Allow Sharded TFRecord Writing
In response to 5160 and 5676, reveal num_shards in the Beam IO WriteToTFRecord.
This leverages custom_config. I think custom_config may always be there when there are executive_properties in which case the one-liner on line 83 is acceptable.
Hi @AlexanderLavelle , thank you for your contribution! Could you please add a test related to the change? This will help us review the code and ensure that it is working as expected.
Hi @AlexanderLavelle Any update on this PR? Please. Thank you!
@roseayeon @gbaned
I looked at the tests, and I think I will need to run this one to confirm the following pseudocode:
executive_properties['num_shards'] = 5
...
# Check BigQuery example gen outputs.
train_output_files = [os.path.join(examples.uri, 'Split-train',
f'data_tfrecord-0000{n}-of-00004.gz')
for n in range(executive_properties['num_shards']]
eval_output_files = [os.path.join(examples.uri, 'Split-eval',
f'data_tfrecord-0000{n}-of-00004.gz')
for n in range(executive_properties['num_shards']]
[self.assertTrue(fileio.exists(file)) for file in train_output_files]
[self.assertTrue(fileio.exists(file)) for file in eval_output_file]
Hi @AlexanderLavelle Any update on this PR? Please. Thank you!
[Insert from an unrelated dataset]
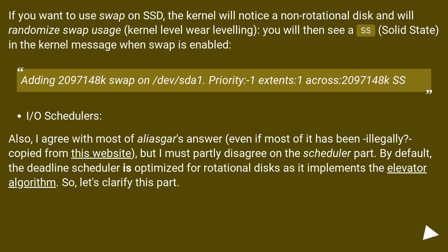Also, I agree with most of Aliascar's answer, even if most of it has been illegally copied from this website, but I must partly disagree on the scheduler part. By default, the deadline scheduler is optimized for rotational disks as it implements the elevator algorithm. So let's clarify this part.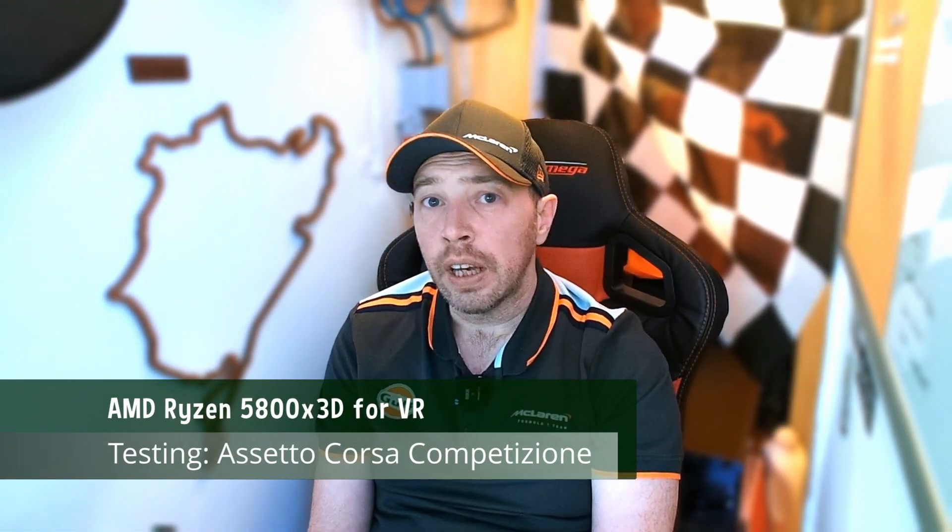The headset we're using for testing is the HP Reverb G2, a visually demanding headset that is native PC VR, so we're not adding any external dependencies to the mix. Sorry Quest 3 users, today is not your day — at least not when measuring pure system performance. Assetto Corsa Competizione is well known for its system requirements in VR, and for that reason many headset racers refuse to play it, so it makes perfect sense for that to be the first game we talk about.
@gbaned unfortunately I have not had time to run the unit test as posited -- however, this generally just allows the user to reach an argument provided by Apache Beam itself...
Hi @roseayeon Can you please review this PR ? Thank you!
Hi @roseayeon Can you please review this PR ? Thank you!
Hi @roseayeon Can you please review this PR ? Thank you!
Hi @roseayeon Can you please review this PR ? Thank you!
Hi @roseayeon Can you please review this PR ? Thank you!
Hi @roseayeon Can you please review this PR ? Thank you!
Apologies for the delay in my response.
Although it is a minor change, we need to include a test for it. I'll work on my end to add an internal test and will update you on whether this code can be merged.
Thanks
Hi @roseayeon Any update on this PR? Please. Thank you!